President & CEO, Director of LocatorX
Return logistics is one of the trickiest operations a retailer will undertake. Getting returns from a customer’s home back to the warehouse without losing product en route or allowing counterfeit goods into the supply chain is time consuming and often at the expense of bottom line.
According to CNBC, in a 6% increase from 2020, retailers predicted customers would return about 16.6% of purchases in 2021, so without a comprehensive reverse logistics strategy is not an option. When properly managed, the reverse logistics process can be more than just a customer experience boost: it can help you get some of the money back that you had to pay back. That’s where advanced technology like machine learning (ML) comes into play.
In my last article, I gave an overview of the challenges of reverse logistics and how companies are rethinking their operations to overcome these obstacles. Now I want to take a deeper dive into four areas of reverse logistics and explore the technologies that are changing function. By enabling retailers to identify why products are returned, how to streamline the transportation process and how products can be reused, these new technologies can change the way you think about reverse logistics. As you adopt these technologies, ensure that your warehouse management application helps you in the following ways:
1. Avoid the return in the first place
It may be cliché, but when it comes to reverse logistics, a good defense is the best offense. Technology enables companies to reduce the number of products entering the returns process by reducing the likelihood that customers will have to return the goods in the first place. By tracking SKUs with smart tags as they enter the warehouse and scanning them as they leave, the packaging team can match the order to the item and avoid sending the wrong color or size.

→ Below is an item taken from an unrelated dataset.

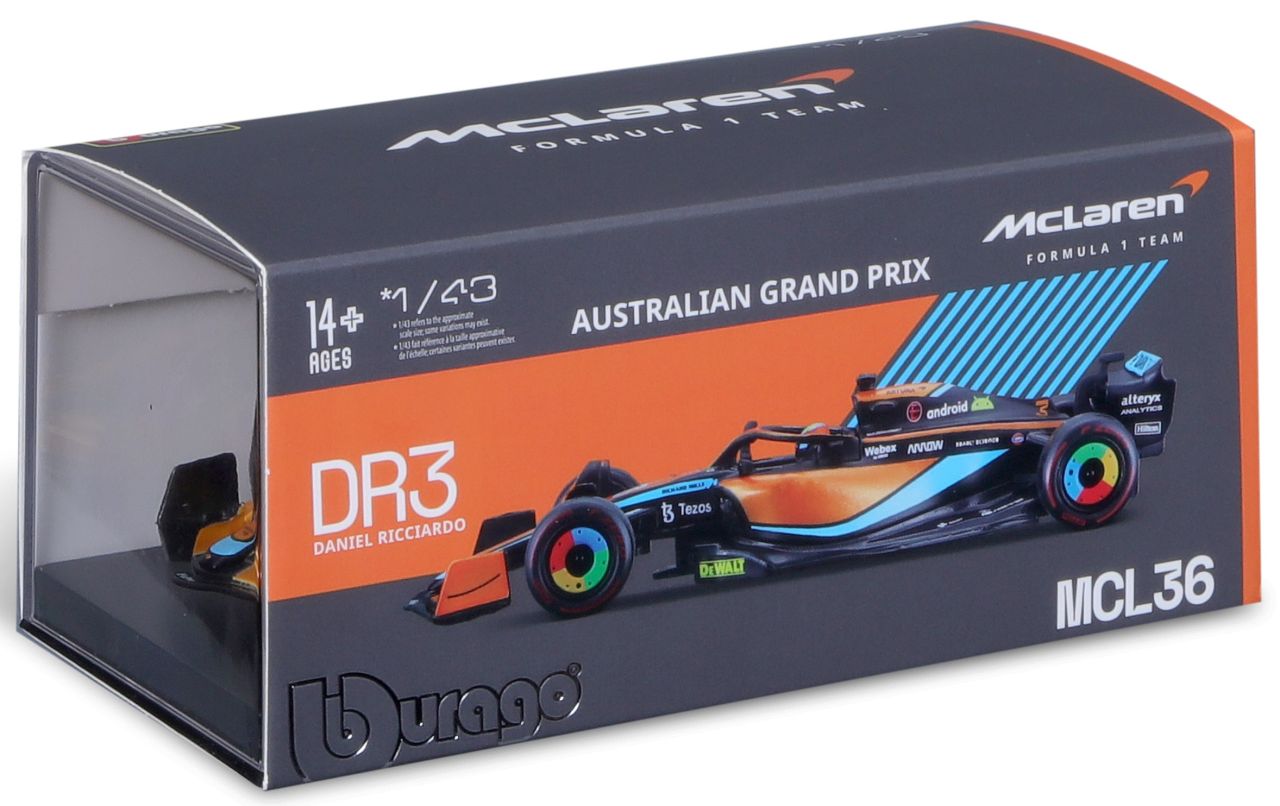 McLaren Mercedes F1 MCL36 1/43 Ricciardo 2022 - RCXX - RC Racing Shop | RC Models | Tuning & Spare Parts for Professionals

Machine learning can also help reduce returns that are not caused by an error in the order. Take, for example, when a customer purchases a shirt that came in the correct size, but does not fit on arrival. I recommend collecting this kind of customer information so you can use machine learning technology to keep track of which styles are large or small versus standard sizes, and what materials were used to create them. You can then offer better sizing advice on the product page and help customers make informed decisions before purchasing.
2. Return products to the warehouse
The process of collecting returned goods is such a nuanced process that, as I mentioned in my last post, many companies will simply issue a refund instead of asking the customer to return the product. It trades the loss for potential gain and a better customer experience. But with the right technology, I think you can get it both ways.
Machine learning can help you understand all the costs associated with recovering an asset and determine how to optimize transportation to ensure that the value of a return is not lost in shipping costs (e.g. better use of space on distribution center-bound vans to cover empty kilometers). It can also help you detect patterns of fraud and raise the alarm when it suspects a customer is counterfeiting a return, halting the return process before money is spent returning the item.
3. Resell Products
Even if a fraudulent good makes it back to the warehouse, machine learning can help a retailer avoid putting it back on the shelf. Smart tags can make it harder for scammers to replicate an authentic item. And using data collected from past returns and known fraud, sensors can scan the returned goods to find even the tiniest flaw that betrays the fake.
You can also apply the same technology to determine the value of an item and determine whether it can go back on the shelf as is or need to be refurbished. Machine learning can measure damage to estimate repair costs and use market data to determine the typical price at which a specific good can be resold, helping you understand whether it is worth investing time and resources to renovate it properly.
4. Recycle Products
Suppose a company has confirmed the authenticity of the return, analyzed any defects and determined that it is ultimately not worth repairing the item. Machine learning can still play a key role in what happens to returns, especially since companies often have limited space in their warehouse and need to get rid of unusable returns quickly.
Using manufacturing data and historical component pricing, you can use ML tools to determine if it’s worth splitting the goods up for scrap; Be sure to use these tools to explore whether you can reuse materials or technology in other goods you are currently making, thus reducing your resource expenditure.
Finally, as more customers turn their attention to companies’ sustainability efforts, using reverse logistics processes to collect and recycle more unusable goods can positively impact your brand’s reputation. Make sure your tools give your business the data it needs to ramp up its recycling efforts.
Reverse losses on machine learning returns
Reverse logistics are often treated with a grin-and-bear-it attitude. Businesses must have it and it plays an important role in the customer experience. But in the end it is seen as a net negative function. Don’t let it be. By applying machine learning throughout the return logistics process, and especially using the methods I’ve outlined, you can reduce the cost of getting returned goods back to the warehouse and explore ways to recoup your lost profits. You can even reduce the chances of the product being returned.
If reverse logistics is a barrier to your business, consider new technologies to streamline and improve the process and make every return count.